[Dataset excerpts]
════════════════

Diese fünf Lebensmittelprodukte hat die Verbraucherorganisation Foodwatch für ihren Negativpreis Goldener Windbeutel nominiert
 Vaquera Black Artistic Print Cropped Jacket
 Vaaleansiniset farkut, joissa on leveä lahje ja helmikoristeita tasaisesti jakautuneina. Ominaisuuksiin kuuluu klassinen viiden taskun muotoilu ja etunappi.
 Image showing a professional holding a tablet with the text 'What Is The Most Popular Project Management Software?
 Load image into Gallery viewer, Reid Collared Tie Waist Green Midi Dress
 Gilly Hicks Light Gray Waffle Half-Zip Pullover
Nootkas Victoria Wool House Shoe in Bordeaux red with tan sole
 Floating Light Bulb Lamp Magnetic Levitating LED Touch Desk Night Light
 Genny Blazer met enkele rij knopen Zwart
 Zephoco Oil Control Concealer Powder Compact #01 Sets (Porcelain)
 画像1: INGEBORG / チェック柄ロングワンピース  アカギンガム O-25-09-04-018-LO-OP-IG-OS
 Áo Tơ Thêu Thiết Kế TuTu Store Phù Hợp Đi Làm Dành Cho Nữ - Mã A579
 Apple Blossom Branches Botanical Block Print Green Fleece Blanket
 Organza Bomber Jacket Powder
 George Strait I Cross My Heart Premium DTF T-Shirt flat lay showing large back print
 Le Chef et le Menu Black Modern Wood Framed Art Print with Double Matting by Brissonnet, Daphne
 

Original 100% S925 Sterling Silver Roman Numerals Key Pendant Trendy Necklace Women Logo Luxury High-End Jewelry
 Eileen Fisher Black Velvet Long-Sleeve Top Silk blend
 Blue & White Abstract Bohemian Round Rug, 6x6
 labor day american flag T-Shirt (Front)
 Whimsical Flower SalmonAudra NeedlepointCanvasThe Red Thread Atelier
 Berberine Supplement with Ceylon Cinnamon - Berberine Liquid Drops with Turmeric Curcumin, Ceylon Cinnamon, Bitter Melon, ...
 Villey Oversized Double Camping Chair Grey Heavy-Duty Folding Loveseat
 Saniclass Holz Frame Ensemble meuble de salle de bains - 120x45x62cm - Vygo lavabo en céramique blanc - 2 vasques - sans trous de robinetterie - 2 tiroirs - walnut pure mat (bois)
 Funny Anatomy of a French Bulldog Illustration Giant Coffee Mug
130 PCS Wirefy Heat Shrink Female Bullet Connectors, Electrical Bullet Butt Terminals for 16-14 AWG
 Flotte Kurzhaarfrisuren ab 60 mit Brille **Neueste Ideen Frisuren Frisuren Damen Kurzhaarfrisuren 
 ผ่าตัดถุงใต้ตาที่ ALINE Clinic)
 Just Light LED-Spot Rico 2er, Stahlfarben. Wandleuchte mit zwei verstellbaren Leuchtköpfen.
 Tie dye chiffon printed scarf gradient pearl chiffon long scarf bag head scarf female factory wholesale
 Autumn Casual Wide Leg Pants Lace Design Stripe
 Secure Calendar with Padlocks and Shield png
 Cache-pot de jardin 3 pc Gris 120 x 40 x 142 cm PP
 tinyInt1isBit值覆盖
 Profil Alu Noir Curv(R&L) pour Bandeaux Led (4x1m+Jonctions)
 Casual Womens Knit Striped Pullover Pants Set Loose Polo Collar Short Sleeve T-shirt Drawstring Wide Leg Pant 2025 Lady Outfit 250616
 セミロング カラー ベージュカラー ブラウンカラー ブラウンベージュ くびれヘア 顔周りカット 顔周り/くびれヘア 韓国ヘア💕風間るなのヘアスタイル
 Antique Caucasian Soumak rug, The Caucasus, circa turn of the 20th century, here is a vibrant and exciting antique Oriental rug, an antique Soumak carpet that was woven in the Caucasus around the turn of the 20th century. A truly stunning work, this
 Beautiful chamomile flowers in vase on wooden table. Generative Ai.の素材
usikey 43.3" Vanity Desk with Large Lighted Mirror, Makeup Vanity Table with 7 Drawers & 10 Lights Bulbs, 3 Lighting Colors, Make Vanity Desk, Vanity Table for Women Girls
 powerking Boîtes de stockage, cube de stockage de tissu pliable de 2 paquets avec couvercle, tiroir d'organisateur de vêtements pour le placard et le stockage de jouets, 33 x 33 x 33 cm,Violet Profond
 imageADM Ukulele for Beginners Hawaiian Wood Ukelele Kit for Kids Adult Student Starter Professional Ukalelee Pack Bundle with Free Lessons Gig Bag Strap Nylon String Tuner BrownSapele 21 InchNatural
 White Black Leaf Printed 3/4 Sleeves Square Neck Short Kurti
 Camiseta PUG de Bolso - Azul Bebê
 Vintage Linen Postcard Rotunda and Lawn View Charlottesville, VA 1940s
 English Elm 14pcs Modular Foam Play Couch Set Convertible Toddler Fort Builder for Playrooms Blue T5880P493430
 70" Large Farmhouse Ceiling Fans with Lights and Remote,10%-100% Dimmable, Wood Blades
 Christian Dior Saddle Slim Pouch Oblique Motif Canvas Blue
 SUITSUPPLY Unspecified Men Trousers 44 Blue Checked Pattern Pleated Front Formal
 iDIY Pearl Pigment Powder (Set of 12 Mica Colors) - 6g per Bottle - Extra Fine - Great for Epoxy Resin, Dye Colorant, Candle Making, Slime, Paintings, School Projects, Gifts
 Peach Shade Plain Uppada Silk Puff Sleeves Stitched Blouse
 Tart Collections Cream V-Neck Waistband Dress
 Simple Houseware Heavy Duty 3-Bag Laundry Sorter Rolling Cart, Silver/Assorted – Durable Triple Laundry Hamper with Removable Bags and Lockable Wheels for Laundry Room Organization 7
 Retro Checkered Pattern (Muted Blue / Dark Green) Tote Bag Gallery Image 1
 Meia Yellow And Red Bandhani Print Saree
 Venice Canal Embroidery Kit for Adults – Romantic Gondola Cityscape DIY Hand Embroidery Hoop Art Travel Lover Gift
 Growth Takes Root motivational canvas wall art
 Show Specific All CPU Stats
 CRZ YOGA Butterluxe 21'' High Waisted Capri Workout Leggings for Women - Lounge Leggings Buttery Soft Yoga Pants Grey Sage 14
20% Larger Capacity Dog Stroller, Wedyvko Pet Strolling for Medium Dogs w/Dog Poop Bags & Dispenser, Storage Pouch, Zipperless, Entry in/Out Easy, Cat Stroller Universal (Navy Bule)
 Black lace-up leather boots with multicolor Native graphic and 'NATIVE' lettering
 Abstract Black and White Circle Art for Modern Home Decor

════════════════

_Problem statement_: All entries must be repeated verbatim.

_Output of the exercise_:
Diese fünf Lebensmittelprodukte hat die Verbraucherorganisation Foodwatch für ihren Negativpreis Goldener Windbeutel nominiert
 Vaquera Black Artistic Print Cropped Jacket
 Vaaleansiniset farkut, joissa on leveä lahje ja helmikoristeita tasaisesti jakautuneina. Ominaisuuksiin kuuluu klassinen viiden taskun muotoilu ja etunappi.
 Image showing a professional holding a tablet with the text 'What Is The Most Popular Project Management Software?
 Load image into Gallery viewer, Reid Collared Tie Waist Green Midi Dress
 Gilly Hicks Light Gray Waffle Half-Zip Pullover
Nootkas Victoria Wool House Shoe in Bordeaux red with tan sole
 Floating Light Bulb Lamp Magnetic Levitating LED Touch Desk Night Light
 Genny Blazer met enkele rij knopen Zwart
 Zephoco Oil Control Concealer Powder Compact #01 Sets (Porcelain)
 画像1: INGEBORG / チェック柄ロングワンピース  アカギンガム O-25-09-04-018-LO-OP-IG-OS
 Áo Tơ Thêu Thiết Kế TuTu Store Phù Hợp Đi Làm Dành Cho Nữ - Mã A579
 Apple Blossom Branches Botanical Block Print Green Fleece Blanket
 Organza Bomber Jacket Powder
 George Strait I Cross My Heart Premium DTF T-Shirt flat lay showing large back print
 Le Chef et le Menu Black Modern Wood Framed Art Print with Double Matting by Brissonnet, Daphne
 

Original 100% S925 Sterling Silver Roman Numerals Key Pendant Trendy Necklace Women Logo Luxury High-End Jewelry
 Eileen Fisher Black Velvet Long-Sleeve Top Silk blend
 Blue & White Abstract Bohemian Round Rug, 6x6
 labor day american flag T-Shirt (Front)
 Whimsical Flower SalmonAudra NeedlepointCanvasThe Red Thread Atelier
 Berberine Supplement with Ceylon Cinnamon - Berberine Liquid Drops with Turmeric Curcumin, Ceylon Cinnamon, Bitter Melon, ...
 Villey Oversized Double Camping Chair Grey Heavy-Duty Folding Loveseat
 Saniclass Holz Frame Ensemble meuble de salle de bains - 120x45x62cm - Vygo lavabo en céramique blanc - 2 vasques - sans trous de robinetterie - 2 tiroirs - walnut pure mat (bois)
 Funny Anatomy of a French Bulldog Illustration Giant Coffee Mug
130 PCS Wirefy Heat Shrink Female Bullet Connectors, Electrical Bullet Butt Terminals for 16-14 AWG
 Flotte Kurzhaarfrisuren ab 60 mit Brille **Neueste Ideen Frisuren Frisuren Damen Kurzhaarfrisuren 
 ผ่าตัดถุงใต้ตาที่ ALINE Clinic)
 Just Light LED-Spot Rico 2er, Stahlfarben. Wandleuchte mit zwei verstellbaren Leuchtköpfen.
 Tie dye chiffon printed scarf gradient pearl chiffon long scarf bag head scarf female factory wholesale
 Autumn Casual Wide Leg Pants Lace Design Stripe
 Secure Calendar with Padlocks and Shield png
 Cache-pot de jardin 3 pc Gris 120 x 40 x 142 cm PP
 tinyInt1isBit值覆盖
 Profil Alu Noir Curv(R&L) pour Bandeaux Led (4x1m+Jonctions)
 Casual Womens Knit Striped Pullover Pants Set Loose Polo Collar Short Sleeve T-shirt Drawstring Wide Leg Pant 2025 Lady Outfit 250616
 セミロング カラー ベージュカラー ブラウンカラー ブラウンベージュ くびれヘア 顔周りカット 顔周り/くびれヘア 韓国ヘア💕風間るなのヘアスタイル
 Antique Caucasian Soumak rug, The Caucasus, circa turn of the 20th century, here is a vibrant and exciting antique Oriental rug, an antique Soumak carpet that was woven in the Caucasus around the turn of the 20th century. A truly stunning work, this
 Beautiful chamomile flowers in vase on wooden table. Generative Ai.の素材
usikey 43.3" Vanity Desk with Large Lighted Mirror, Makeup Vanity Table with 7 Drawers & 10 Lights Bulbs, 3 Lighting Colors, Make Vanity Desk, Vanity Table for Women Girls
 powerking Boîtes de stockage, cube de stockage de tissu pliable de 2 paquets avec couvercle, tiroir d'organisateur de vêtements pour le placard et le stockage de jouets, 33 x 33 x 33 cm,Violet Profond
 imageADM Ukulele for Beginners Hawaiian Wood Ukelele Kit for Kids Adult Student Starter Professional Ukalelee Pack Bundle with Free Lessons Gig Bag Strap Nylon String Tuner BrownSapele 21 InchNatural
 White Black Leaf Printed 3/4 Sleeves Square Neck Short Kurti
 Camiseta PUG de Bolso - Azul Bebê
 Vintage Linen Postcard Rotunda and Lawn View Charlottesville, VA 1940s
 English Elm 14pcs Modular Foam Play Couch Set Convertible Toddler Fort Builder for Playrooms Blue T5880P493430
 70" Large Farmhouse Ceiling Fans with Lights and Remote,10%-100% Dimmable, Wood Blades
 Christian Dior Saddle Slim Pouch Oblique Motif Canvas Blue
 SUITSUPPLY Unspecified Men Trousers 44 Blue Checked Pattern Pleated Front Formal
 iDIY Pearl Pigment Powder (Set of 12 Mica Colors) - 6g per Bottle - Extra Fine - Great for Epoxy Resin, Dye Colorant, Candle Making, Slime, Paintings, School Projects, Gifts
 Peach Shade Plain Uppada Silk Puff Sleeves Stitched Blouse
 Tart Collections Cream V-Neck Waistband Dress
 Simple Houseware Heavy Duty 3-Bag Laundry Sorter Rolling Cart, Silver/Assorted – Durable Triple Laundry Hamper with Removable Bags and Lockable Wheels for Laundry Room Organization 7
 Retro Checkered Pattern (Muted Blue / Dark Green) Tote Bag Gallery Image 1
 Meia Yellow And Red Bandhani Print Saree
 Venice Canal Embroidery Kit for Adults – Romantic Gondola Cityscape DIY Hand Embroidery Hoop Art Travel Lover Gift
 Growth Takes Root motivational canvas wall art
 Show Specific All CPU Stats
 CRZ YOGA Butterluxe 21'' High Waisted Capri Workout Leggings for Women - Lounge Leggings Buttery Soft Yoga Pants Grey Sage 14
20% Larger Capacity Dog Stroller, Wedyvko Pet Strolling for Medium Dogs w/Dog Poop Bags & Dispenser, Storage Pouch, Zipperless, Entry in/Out Easy, Cat Stroller Universal (Navy Bule)
 Black lace-up leather boots with multicolor Native graphic and 'NATIVE' lettering
 Abstract Black and White Circle Art for Modern Home Decor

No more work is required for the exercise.